9/13/2023
Boiler systems are a critical component to operating commercial and institutional facilities. They ensure warm buildings, hot water, and provide the energy to operate equipment for dozens of industries. They can also be among the costliest capital projects a facility has to undertake.
Large-scale capital projects involving replacement of boilers and related infrastructure can cost millions of dollars. Repairs can be expensive too, but they are often a more cost-effective solution to keep things running. When deciding whether it’s time to replace or upgrade boiler systems or continue maintaining with repairs, there are many factors facility managers and building owners need to consider.
When it comes to any large capital project or asset replacement, advanced preparation can make all the difference.
From a financial perspective, before even getting to the question of repair or replace, facility owners and managers should already have a plan in place, says Larry Mayotte, senior operations manager at McKinstry.
“What are you doing to kind of prepare and plan for asset replacement?” he asks.
Part of that planning is looking at the assets to assess the age of equipment and its criticality to the environment. To really gauge the financial impact and timeline of asset replacement, building owners and facility managers must understand what would happen and what the risks are if an asset should fail. Based on that, managers can create a budget that aligns to either repairing or replacing the assets.
Unfortunately, not everyone takes the time to go through these exercises, forcing managers to make a choice after a failure has already occurred. When that happens, managers must evaluate the cost of replacement in an emergency versus the cost of repairs. This can lead to lost production, no longer having hot water for tenants, or leaving employees in the cold.
“You've lost the ability to control the situation, and you're almost forced into a repair or providing a temporary solution that costs an arm and a leg to put in place as you make that choice,” says Mayotte.
To avoid this costly mistake, it is essential to start planning for a future failure now. No equipment lasts forever, but with the right plan in place, managers can prolong a boiler’s life and ensure the capital is available for any bumps in the road. Here are five factors to consider when assessing assets.
Replacing or repairing an asset comes down to a handful of decisions, depending on the application. According to Mayotte, two of the big ones are efficiency and reliability.
By knowing the age of the equipment, managers are better able to understand not only when a failure may occur, but when investing in repairs no longer makes sense or if equipment should be replaced prematurely.
“If we know what asset is aging and is getting near the end of its useful life, we know that the risk of failure increases; we know that the general cost to maintain increases,” says Mayotte. “If we can get ahead of that and avoid and plan for a specific downtime period when it can be replaced, that is going to save money in the long run, as opposed to going through the headache and hassle of downtime, temporary solutions, and then potentially getting stuck in a position where it has to be replaced. Doing it prematurely avoids all of those potential costs.”
When a client comes to George Reilly, principal and regional discipline leader, West Coast MEP, Buro Happold, asking whether they should repair or replace, he advises they look at it from a lifecycle cost analysis perspective, evaluating the total cost of owning and operating a facility over a period of time.

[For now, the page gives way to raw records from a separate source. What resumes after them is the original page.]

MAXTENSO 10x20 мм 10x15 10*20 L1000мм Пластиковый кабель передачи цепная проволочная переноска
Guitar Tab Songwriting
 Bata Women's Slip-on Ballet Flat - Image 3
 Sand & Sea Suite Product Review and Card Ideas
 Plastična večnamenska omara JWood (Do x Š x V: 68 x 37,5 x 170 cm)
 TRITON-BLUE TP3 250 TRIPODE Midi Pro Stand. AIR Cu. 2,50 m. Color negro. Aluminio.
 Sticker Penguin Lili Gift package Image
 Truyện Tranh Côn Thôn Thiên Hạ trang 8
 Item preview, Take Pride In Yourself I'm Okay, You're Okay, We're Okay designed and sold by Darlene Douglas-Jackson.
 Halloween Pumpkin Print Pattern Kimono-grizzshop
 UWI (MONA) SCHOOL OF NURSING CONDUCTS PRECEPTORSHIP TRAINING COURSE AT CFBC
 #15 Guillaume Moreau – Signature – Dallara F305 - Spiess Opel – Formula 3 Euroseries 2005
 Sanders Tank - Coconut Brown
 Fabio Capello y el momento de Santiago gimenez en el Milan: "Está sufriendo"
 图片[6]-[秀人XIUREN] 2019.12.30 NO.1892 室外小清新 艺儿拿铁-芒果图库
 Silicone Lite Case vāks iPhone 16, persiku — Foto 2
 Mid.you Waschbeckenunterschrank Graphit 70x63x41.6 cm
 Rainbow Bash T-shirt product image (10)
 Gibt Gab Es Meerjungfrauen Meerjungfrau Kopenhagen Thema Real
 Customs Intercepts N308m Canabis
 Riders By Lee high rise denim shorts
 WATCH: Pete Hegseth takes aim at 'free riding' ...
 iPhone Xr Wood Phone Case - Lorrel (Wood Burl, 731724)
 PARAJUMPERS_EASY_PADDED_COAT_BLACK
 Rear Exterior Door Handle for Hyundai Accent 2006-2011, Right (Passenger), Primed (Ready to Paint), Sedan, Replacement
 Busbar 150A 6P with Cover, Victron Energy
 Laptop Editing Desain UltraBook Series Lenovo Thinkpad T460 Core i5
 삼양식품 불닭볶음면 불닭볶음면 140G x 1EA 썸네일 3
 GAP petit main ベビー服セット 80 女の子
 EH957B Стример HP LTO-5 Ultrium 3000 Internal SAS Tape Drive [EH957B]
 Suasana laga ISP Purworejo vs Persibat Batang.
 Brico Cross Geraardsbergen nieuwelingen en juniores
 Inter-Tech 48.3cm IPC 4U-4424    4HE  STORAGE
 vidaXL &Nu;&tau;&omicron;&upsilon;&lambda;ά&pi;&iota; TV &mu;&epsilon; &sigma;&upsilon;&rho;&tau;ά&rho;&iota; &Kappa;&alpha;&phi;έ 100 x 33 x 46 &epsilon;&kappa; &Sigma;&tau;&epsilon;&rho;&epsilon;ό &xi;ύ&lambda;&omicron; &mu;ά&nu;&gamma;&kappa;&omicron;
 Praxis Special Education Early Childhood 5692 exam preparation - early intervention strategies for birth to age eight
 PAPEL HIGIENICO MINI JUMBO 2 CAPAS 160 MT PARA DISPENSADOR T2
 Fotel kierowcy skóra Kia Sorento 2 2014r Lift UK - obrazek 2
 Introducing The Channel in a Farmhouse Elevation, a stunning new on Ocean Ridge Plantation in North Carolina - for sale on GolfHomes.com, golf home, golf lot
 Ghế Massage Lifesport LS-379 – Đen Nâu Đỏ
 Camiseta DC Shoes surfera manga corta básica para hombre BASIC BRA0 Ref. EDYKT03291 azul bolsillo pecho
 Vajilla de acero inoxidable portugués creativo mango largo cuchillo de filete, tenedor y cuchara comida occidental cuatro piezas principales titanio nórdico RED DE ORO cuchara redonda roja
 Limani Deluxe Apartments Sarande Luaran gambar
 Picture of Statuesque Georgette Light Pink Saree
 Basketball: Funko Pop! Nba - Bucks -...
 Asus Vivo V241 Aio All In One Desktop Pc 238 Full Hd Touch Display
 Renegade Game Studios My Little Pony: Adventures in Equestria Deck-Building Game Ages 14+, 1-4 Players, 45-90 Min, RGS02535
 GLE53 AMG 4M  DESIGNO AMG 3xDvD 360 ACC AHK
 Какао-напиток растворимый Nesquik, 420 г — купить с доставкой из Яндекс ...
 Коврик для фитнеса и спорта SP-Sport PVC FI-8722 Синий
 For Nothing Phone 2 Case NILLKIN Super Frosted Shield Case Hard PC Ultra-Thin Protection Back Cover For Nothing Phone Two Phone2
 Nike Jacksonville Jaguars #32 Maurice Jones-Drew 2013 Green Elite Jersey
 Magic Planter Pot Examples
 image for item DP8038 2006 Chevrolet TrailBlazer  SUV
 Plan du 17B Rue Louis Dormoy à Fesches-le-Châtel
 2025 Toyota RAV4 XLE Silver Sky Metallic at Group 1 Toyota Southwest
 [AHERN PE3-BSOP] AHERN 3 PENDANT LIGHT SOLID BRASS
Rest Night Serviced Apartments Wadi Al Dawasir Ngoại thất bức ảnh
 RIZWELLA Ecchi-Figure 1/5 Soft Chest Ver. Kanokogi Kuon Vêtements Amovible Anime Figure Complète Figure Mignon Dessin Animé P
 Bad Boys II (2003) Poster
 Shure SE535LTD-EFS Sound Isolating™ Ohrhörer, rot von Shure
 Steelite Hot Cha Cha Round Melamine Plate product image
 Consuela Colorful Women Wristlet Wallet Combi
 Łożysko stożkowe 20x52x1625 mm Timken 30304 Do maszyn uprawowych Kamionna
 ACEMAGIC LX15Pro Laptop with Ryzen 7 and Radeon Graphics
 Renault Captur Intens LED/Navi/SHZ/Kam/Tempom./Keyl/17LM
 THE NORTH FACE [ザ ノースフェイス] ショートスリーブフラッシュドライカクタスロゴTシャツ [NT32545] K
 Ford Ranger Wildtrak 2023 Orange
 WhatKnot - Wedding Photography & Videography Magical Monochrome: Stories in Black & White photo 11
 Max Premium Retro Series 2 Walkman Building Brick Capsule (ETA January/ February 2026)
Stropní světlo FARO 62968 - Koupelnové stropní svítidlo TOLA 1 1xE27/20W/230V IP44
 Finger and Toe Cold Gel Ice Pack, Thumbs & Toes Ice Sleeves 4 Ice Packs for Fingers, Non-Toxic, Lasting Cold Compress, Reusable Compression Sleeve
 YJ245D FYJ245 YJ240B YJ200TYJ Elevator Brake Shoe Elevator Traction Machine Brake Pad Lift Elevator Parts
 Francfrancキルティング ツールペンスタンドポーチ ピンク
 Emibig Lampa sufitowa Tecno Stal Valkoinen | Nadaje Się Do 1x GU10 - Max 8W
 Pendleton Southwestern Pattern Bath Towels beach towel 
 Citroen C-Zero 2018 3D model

“First thing is we do the assessment, look at what the factors are, look at the infrastructure, and then start thinking about where can we take us to be not dependent on natural gas?” says Reilly. “Some of the factors there can be the age of the equipment, the lifespan. What's the maintenance history been? How compressed is the existing infrastructure? What's the efficiency of the system? We do take all these things under consideration to give our clients informed feedback.”
Peter Georgiev of RMF Engineering recommends a similar tactic, also suggesting a lifecycle cost analysis to help managers consider each scenario. And while he is clear that “boilers are meant to be repaired,” repairs can also get extremely complex and costly. Having a sound lifecycle cost analysis helps managers work through those issues.
“To repair a boiler, we usually see smaller initial capital investment,” says Georgiev. “To replace a boiler, that's a very large capital investment, but over the lifecycle of it, we might see a lot more maintenance on existing equipment. We look at those past records, and then those will be an indication of what to expect going forward.”
For example, Georgiev says that if a steam drum and mud drum are really compromised, it is a very easy decision to say, “OK, it's not worth that based on our experience and what it takes to repair that type of key component of the boiler, and it would be better to just upgrade.”
On the flipside, while just simply replacing equipment sounds like the easiest solution, there are times when it doesn’t make sense.
For example, consider a boiler that when it was installed 50 years ago was built in place. Bringing in a package system to replace it could require retrofitting the building — an extremely costly and complicated process.
“The complexity of the project and the feasibility of the construction aspect should be considered in very initial stages,” says Georgiev.
Understanding the importance of the boiler system to operations is a key factor in considering repair versus replace. In a 24/7 operation with steam production, having any downtime at all could be disastrous.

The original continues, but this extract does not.